Narasi Politik Identitas Rekayasa Kaum Sekularis dan Kapitalis

Oleh: Sutoyo Abadi (Koordinator Kajian Politik Merah Putih)

Jik merujuk ke Pasal 280 Undang-Undang Nomor 7 Tahun 2017 tentang Pemilihan Umum, tidak ada penjelasan yang detil tentang pengertian politik identitas.

Pasal yang mengatur hal ini hanya memuat tentang kampanye yang dilarang menghina, menghasut, mengadu domba, dan menggunakan kekerasan. Tidak ada defenisi dalam penjelasan UU Pemilu sebagai rujukan tiba tiba muncul narasi politik identitas.

Di tengah jalan narasi politik identitas langsung di stempel sebagai politik SARA. Sejak awal makna politik identitas tidak jelas definisinya langsung di arahkan menjadi politik agama. Atau gerakan politik yang berbasis kesamaan suku, agama, ras dan etnik adalah politik identitas yang harus dicegah atau dilarang.

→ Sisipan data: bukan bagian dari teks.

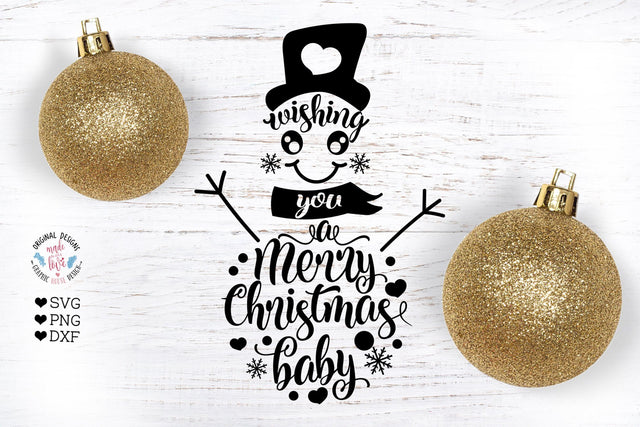Wishing you a Merry Christmas - Snowman Design SVG Graphic House Design 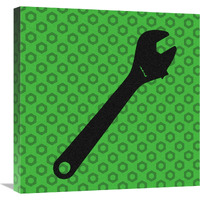 Hand Tools - Wrench and Hex Nut-Canvas Art-24"x24"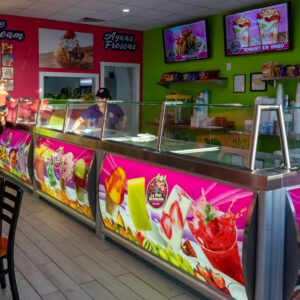 La Real Michoacana Ice Cream and Treat Shop in Nederland, TX Front counter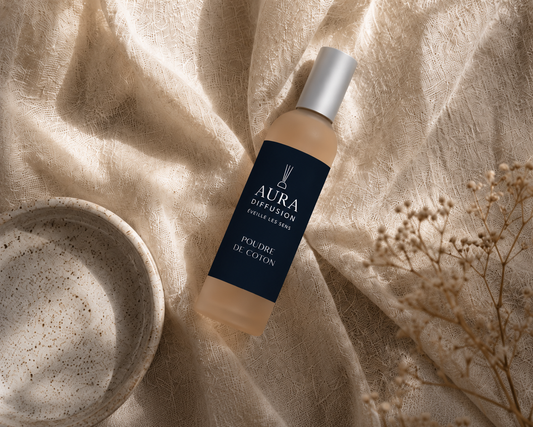 vaporisateur poudre de coton 100ml de la marque aura Diffusion 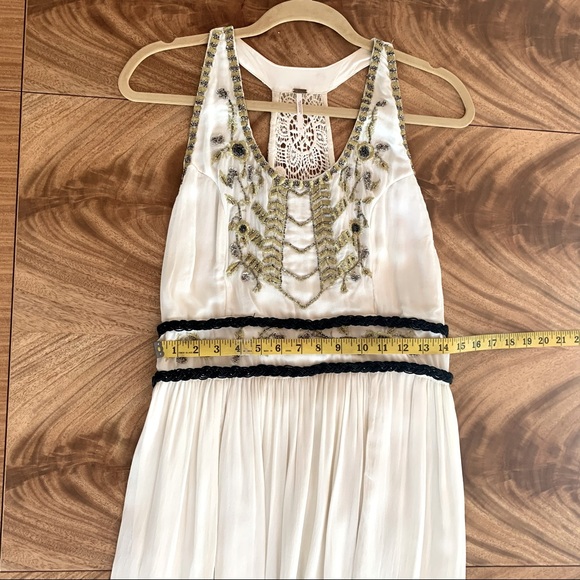 Free People Ruched Chiffon Hand Embroidered Maxi Dress in Color Creme - Picture 11 of 12
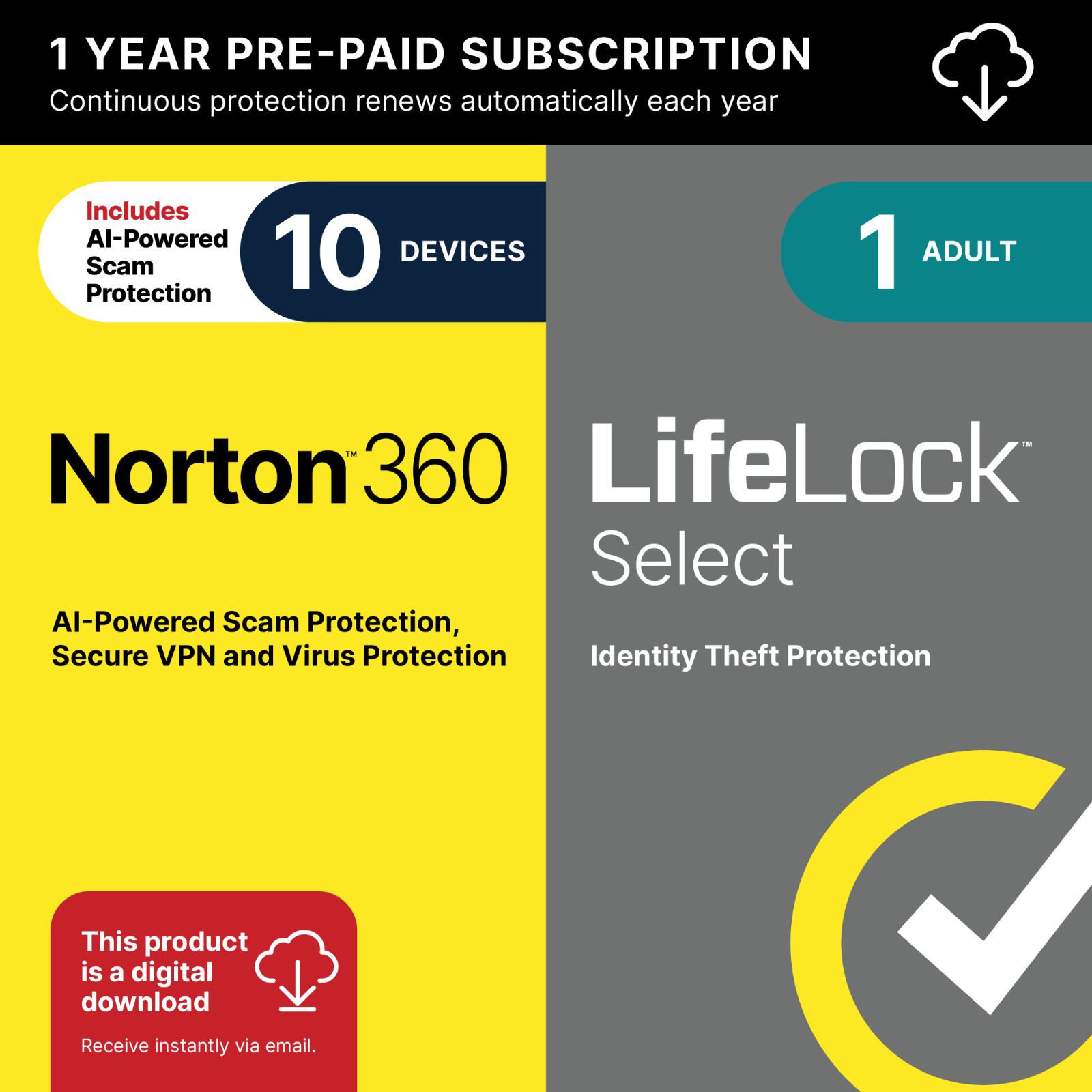 Norton 360 + LifeLock 2026 | 10 Devices | Digital Download Code Sent by Email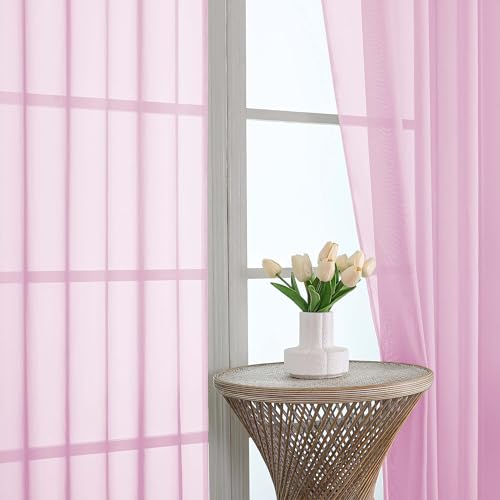 Light Pink Bedroom Curtains 96 Length for Farmhouse (Light Pink / 59"W x 96"L (Pack of 2))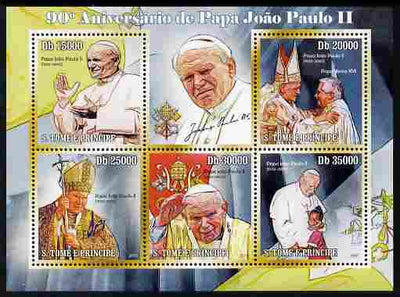 St Thomas & Prince Islands 2010 90th Birth Anniversary of Pope John Paul II perf sheetlet containing 5 values unmounted mint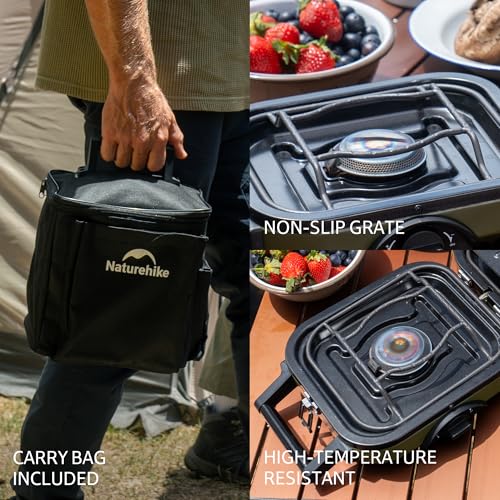 Naturehike 2 Burner Folding Camping Stove, Portable Propane Gas Stove with Carry Bag, 16000 BTU High-Performance Camp Stov...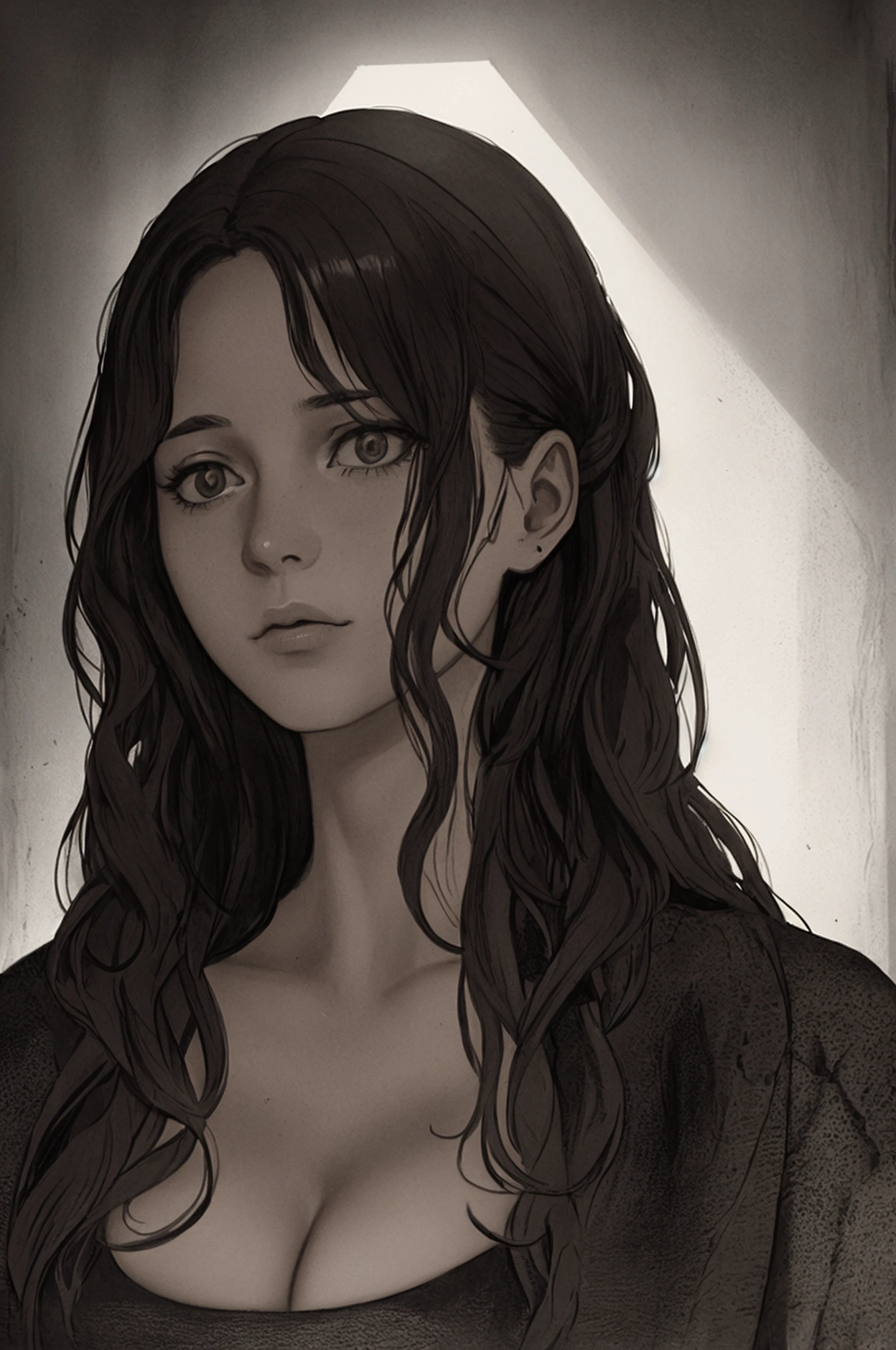 intricate detailed portrait of a woman with dark wavy hair, inside a prison cell, highly detailed, 8k, photorealistic, chiaroscuro lighting, dramatic shadows, moody atmosphere, cinematic composition, muted color palette, realistic textures, intricate details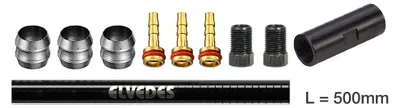 Imagen del producto de Manguera hidráulica Elvedes, kit de extensión de 500 mm, compatible con frenos Tektro TRP 5.0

Kalau begini nalarnya, apakah partai politik yang berbasis agama harus dilarang. Tantangan ini bisa jadi mereka akan membantah dan membela diri, itu biasa.

Di negara-negara maju, teori diilhami oleh praktik. Membela diri di negara berkembang, praktik diilhami oleh teori. Gimana dengan Indonesia? Pejabat negara dan politisi kita sok merasa pintar, sehingga lain sekolahnya lain bicaranya (DR. Mulyadi)

Kenapa politik identitas dilarang. Mereka mendalilkan bahwa politik identitas akan menggiring opini publik bahwa orang yang tidak beridentitas sama dengan mereka tidak pantas untuk menjadi pemimpin. Ini tentu saja menyebabkan kaum minoritas akan kehilangan hak yang sama dalam pemerintahan negara, khususnya dalam ranah pemilu maupun pemilihan.

Padahal fakta politik politik identitas justru kebanyakan dari masyarakat minoritas. Tidak bisa di definisikan bahwa politik identitas adalah gerakan umat Islam yang mayoritas, yang saat itu sedang menjadi sasaran untuk dilemahkan gerakan politiknya.

Dirunut sejarahnya kapanpun kaum sekular kapitalis dan komunis tidak akan suka umat Islam mengendalikan politik atau menjadi pemimpin politik sekalipun di negara mayoritas umat Islam di Indonesia.

Kaum kapitalis bentuk lain kolonialis gaya baru bersenyawa dengan faham komunis tidak pernah akan merasa lelah dan berhenti menyerang umat Islam dengan berbagai rekayasa politiknya untuk melemahkan dan menelikung politik umat Islam.

Semua narasi dan definisi politik identitas tak lebih hanya rekayasa mereka, dan memaksakan kehendaknya kepada orang lain.

Politik identitas adalah wacana menyesatkan. Menentang politik identitas berarti sama saja dengan menghilangkan moralitas agama dalam dunia politik. Akibatnya, politik akan kehilangan arah dan terjebak dalam moralitas yang relatif dan etika yang situasional.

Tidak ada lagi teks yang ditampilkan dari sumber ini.